Hacker News new | past | comments | ask | show | jobs | submit login
Faster virtual machines: Speeding up programming language execution (mort.coffee)
84 points by mort96 on Jan 17, 2023 | hide | past | favorite | 27 comments

Can I just point out the interactive virtual machine visualizer[1]? I thought it turned out really neat and it was a joy to make.

[1] https://mort.coffee/home/fast-interpreters/#interactive-vm

Are you the same mort from Libera?

I am! Hi anthk!

Since I can't JIT on iOS, I was wondering about other ways to increase performance (beyond what the article mentions, I think). One issue is that the virtual registers don't map to CPU registers, but rather locations in memory. So each VM instruction results in loads and stores. I was thinking rather to generate a large set of instructions which have the registers baked in. So for example, if I have 8 VM registers, and a 2 operand operation then I would generate 64 VM instructions for that operation. Then those registers get mapped to CPU registers. This of course has the downside of more code paths in the VM. Is that something worth exploring?

May all your code be found in the I-cache, your branch predictions be correct, and your speculative executions succeed. And may your performance be blessed with bottlenecks, and your optimization effort devoted there. :)

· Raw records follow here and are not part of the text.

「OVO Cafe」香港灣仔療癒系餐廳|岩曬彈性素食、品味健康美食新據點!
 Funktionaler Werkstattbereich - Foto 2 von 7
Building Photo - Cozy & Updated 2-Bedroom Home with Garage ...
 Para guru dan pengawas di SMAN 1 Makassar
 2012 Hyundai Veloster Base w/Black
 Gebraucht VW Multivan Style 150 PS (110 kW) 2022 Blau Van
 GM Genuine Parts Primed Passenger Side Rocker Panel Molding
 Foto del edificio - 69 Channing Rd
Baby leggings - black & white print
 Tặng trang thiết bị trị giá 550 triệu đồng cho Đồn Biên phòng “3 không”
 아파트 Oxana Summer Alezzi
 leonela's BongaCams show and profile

"[A] large set of instructions" conflicts with the first and last of that. So perhaps start with a hot instruction or two, and try just 2 baked variants? Hmm, a random weird thought: if the stack top was in a wide SIMD, one might use SIMD masks to select operands without baking or branching? Another random: perhaps instructions could have internal branching to choose registers, and the not-a-jit compiler could optimize for temporally-locally consistent "monomorphic" register choice to keep the branch predictor mostly happy? It might juggle multiple copies of hot instructions with different predictor state?

Can anyone suggest sources of vm-ish optimization advice for cutting-edge CPUs? For instance, the years-ago FORTH advice, IIRC, that putting 1 top-of-stack slot in a register is worth it, 2 is borderline, and 3 isn't... CPUs have changed a lot since then. Especially with register renaming?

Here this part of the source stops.